== THE INPUT ==

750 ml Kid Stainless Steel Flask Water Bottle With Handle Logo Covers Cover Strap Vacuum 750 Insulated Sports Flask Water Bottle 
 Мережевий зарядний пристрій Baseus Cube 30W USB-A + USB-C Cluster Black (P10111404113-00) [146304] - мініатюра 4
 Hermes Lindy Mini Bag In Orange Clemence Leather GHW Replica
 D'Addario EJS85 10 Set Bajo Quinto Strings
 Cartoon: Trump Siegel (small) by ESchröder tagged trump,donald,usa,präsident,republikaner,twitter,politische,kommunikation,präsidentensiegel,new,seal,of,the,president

===

§ **AIM OF THE EXERCISE**
Although the records may continue, retype only the lines from the first one through the one containing "D'Addario EJS85 10 Set Bajo Quinto Strings", exactly as they appear.

§ **TASK SOLUTION**
750 ml Kid Stainless Steel Flask Water Bottle With Handle Logo Covers Cover Strap Vacuum 750 Insulated Sports Flask Water Bottle 
 Мережевий зарядний пристрій Baseus Cube 30W USB-A + USB-C Cluster Black (P10111404113-00) [146304] - мініатюра 4
 Hermes Lindy Mini Bag In Orange Clemence Leather GHW Replica
 D'Addario EJS85 10 Set Bajo Quinto Strings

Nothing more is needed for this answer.